Ramokgopa’s Script Mirrors De Ruyter’s Book

The minister of Electricity, Dr. Ramokgopa, projects an authoritative, hands-on grasp in pursuing the task of catching up with the backlog of maintenance at Eskom (The Mercury, September 6). But his script mirrors what Andre De Ruyter highlighted in his book Truth to Power published six months ago.

Of course, it is refreshing to note Dr Rakokgopa’s philosophy is “to stick to planned maintenance.” For De Ruyter, planned maintenance meant taking 18 percent of the system off the grid at any time for necessary routine maintenance (p 186). But he found that difficult to implement because he was told the lights had to be kept on. So for political reasons, such planned maintenance was stalled. That meant running power stations “with the proverbial rev-counter in the red” as De Ruyter expressed it (p 300).

In De Ruyter’s time, the cooling towers at Kriel and Matla had become highly ineffective as a result of poor maintenance.
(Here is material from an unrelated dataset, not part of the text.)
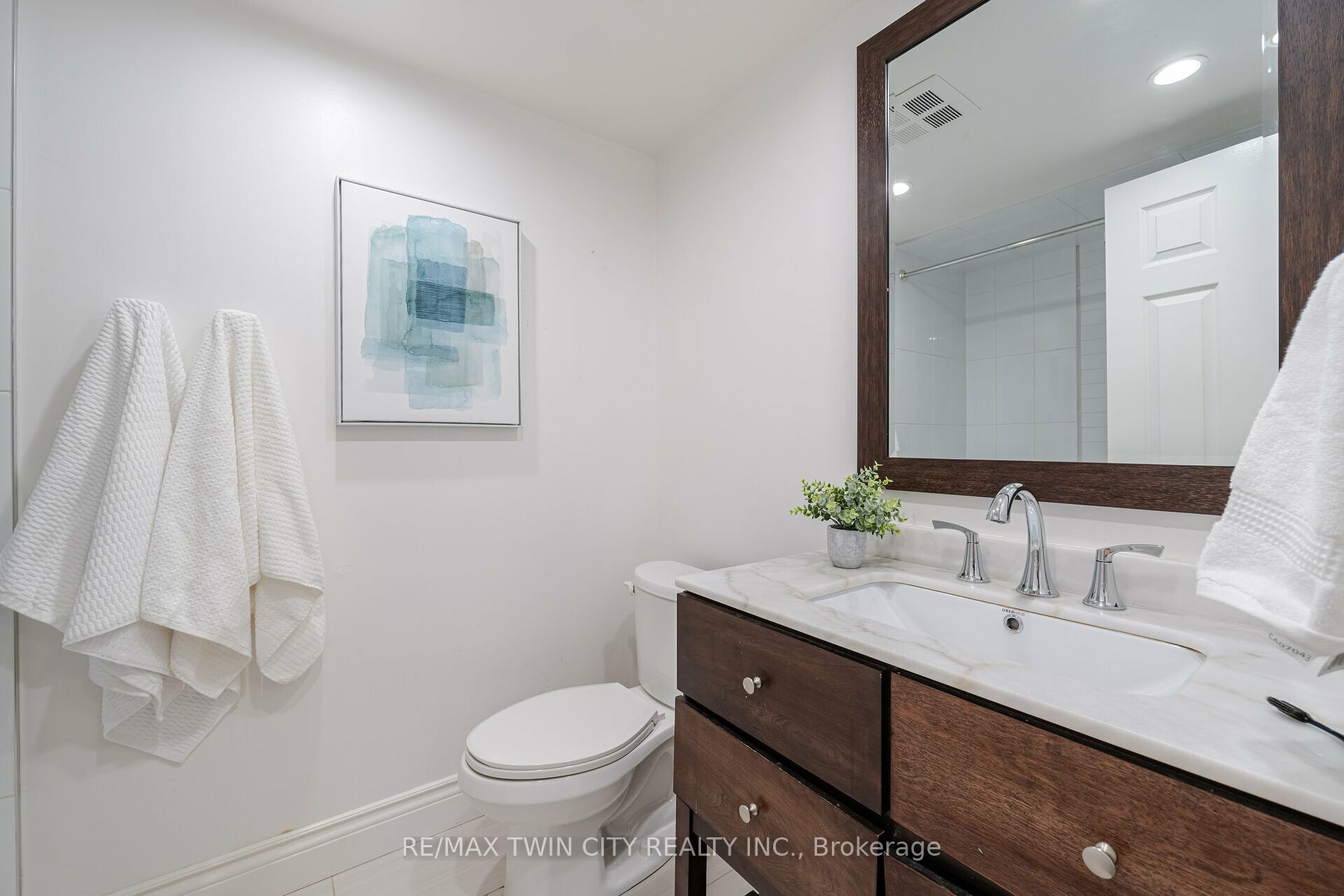 1001 Cedarglen Gate #617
He noted that it would take three months to effect the necessary repairs.  So now, two years later, Dr. Ramokgopa says they have to be shut down “for urgent repairs.”

In conceding that such repairs will lead to intensified load shedding, Dr Ramokgopa will discover what De Ruyter warned about: reliability of the existing stations is already “trending inexorably downwards”  (p189) which places additional strain on them and the prospect of further load shedding.

An important discovery De Ruyter made was the operation of four highly organised criminal cartels directly fleecing Matla, Tutuka, Majuba, and Duvha power stations. As a result, their depredations are a contributing factor to capacity constraints (p 147).

While it is satisfying to note that “Eskom teams are working tirelessly to return generating units to service,” to what extent does that apply to the eradication of the criminal cartels which, as De Ruyter discovered, are politically connected?